## Problem details
From the line containing "Style Safety Plug" to the end of the data, retype every line exactly and nothing else. Drop the pictures.

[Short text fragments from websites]

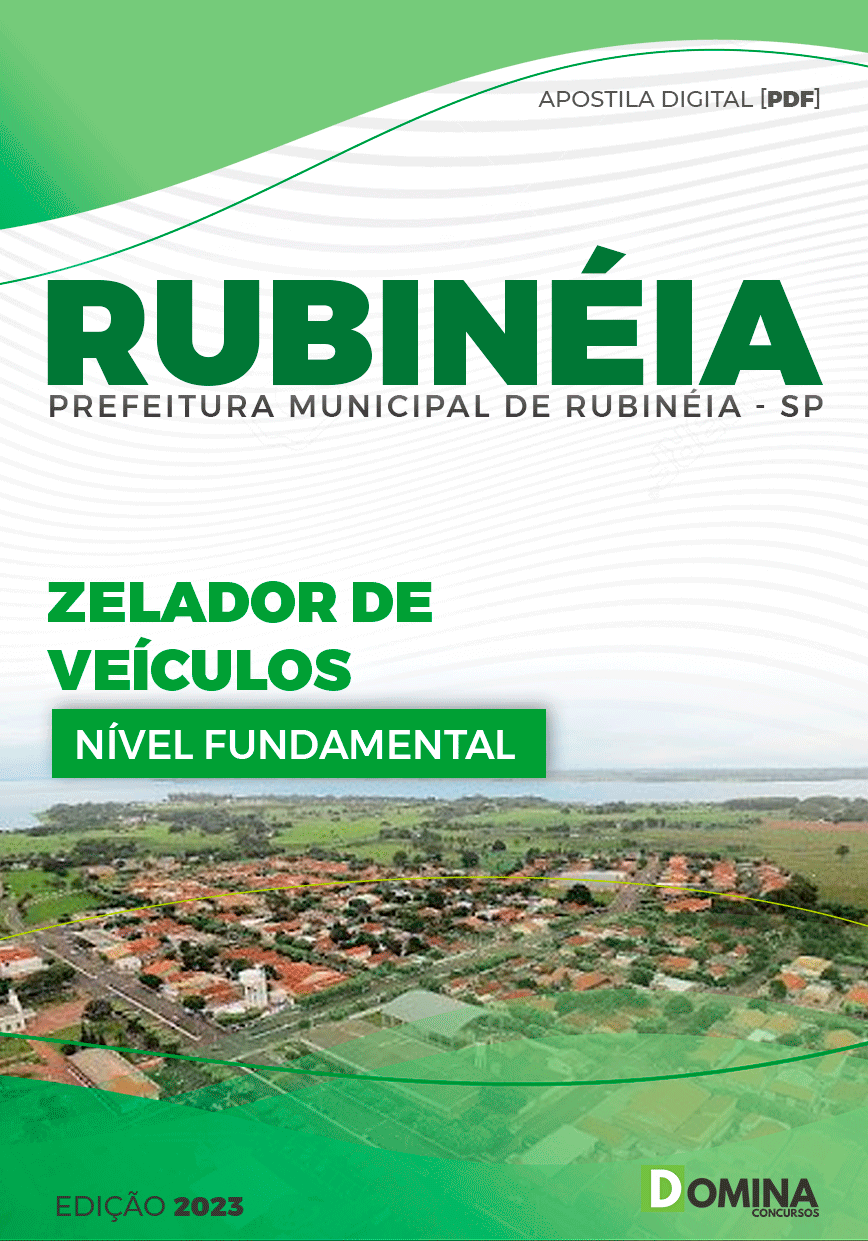 Apostila Concurso Pref Rubinéia SP 2023 Zelador Veículo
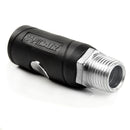 1/2" MNPT Air Coupler 1/4" Body  Push Button Release Industrial Style Safety Plug
K7241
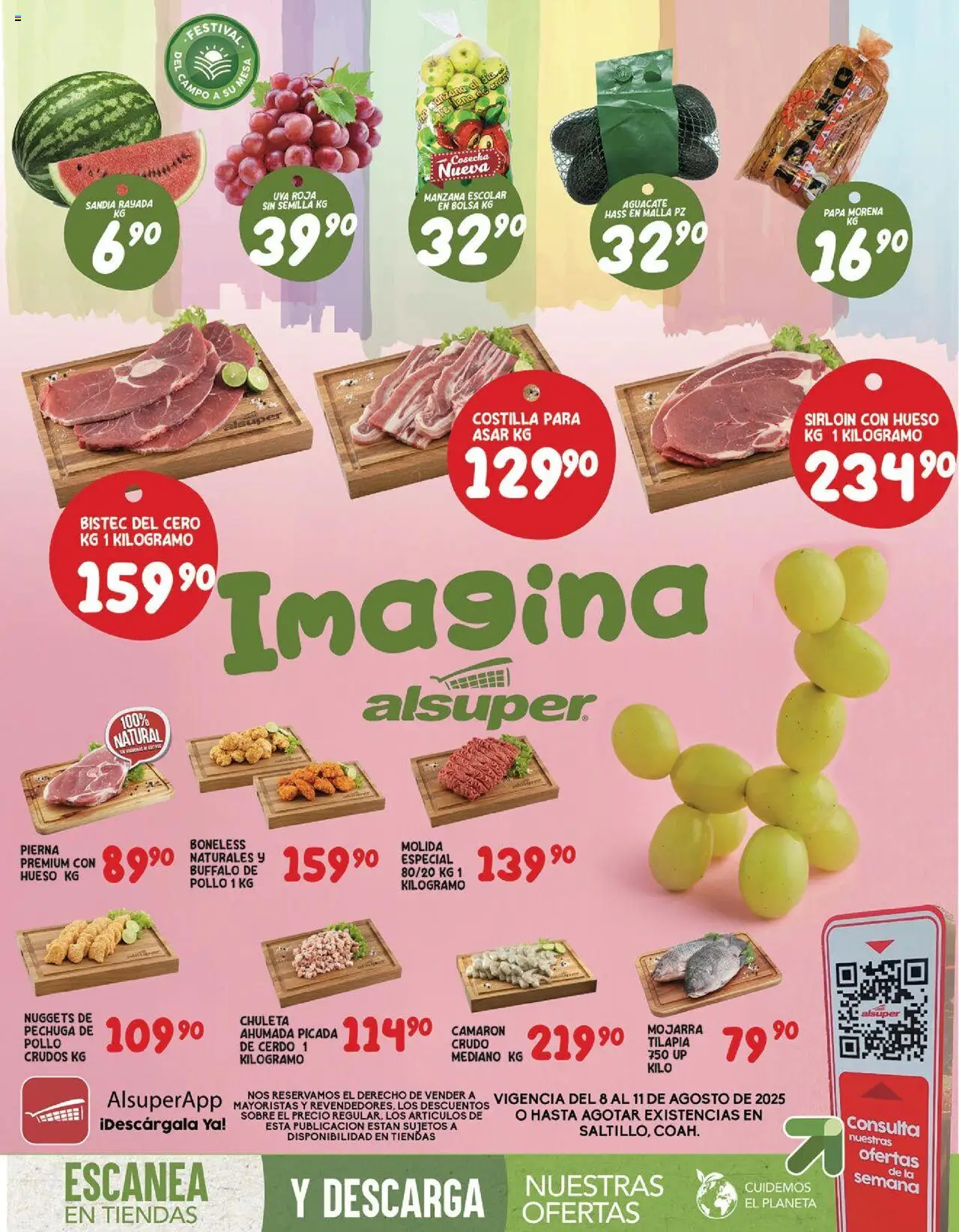 Folleto - Saltillo Alsuper y sus promociones válidas desde el 08/08/2025 - Número de página 1
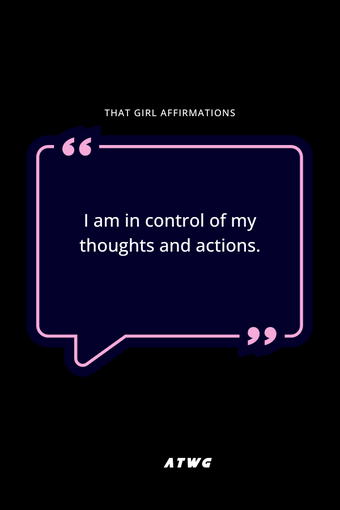 That Girl Affirmations
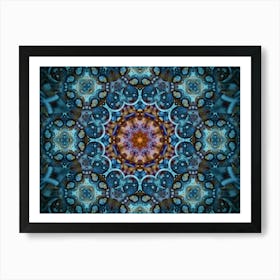 Abstraction Blue Carpet Art Print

## Answer
 1/2" MNPT Air Coupler 1/4" Body  Push Button Release Industrial Style Safety Plug
K7241
 Folleto - Saltillo Alsuper y sus promociones válidas desde el 08/08/2025 - Número de página 1
 That Girl Affirmations
 Abstraction Blue Carpet Art Print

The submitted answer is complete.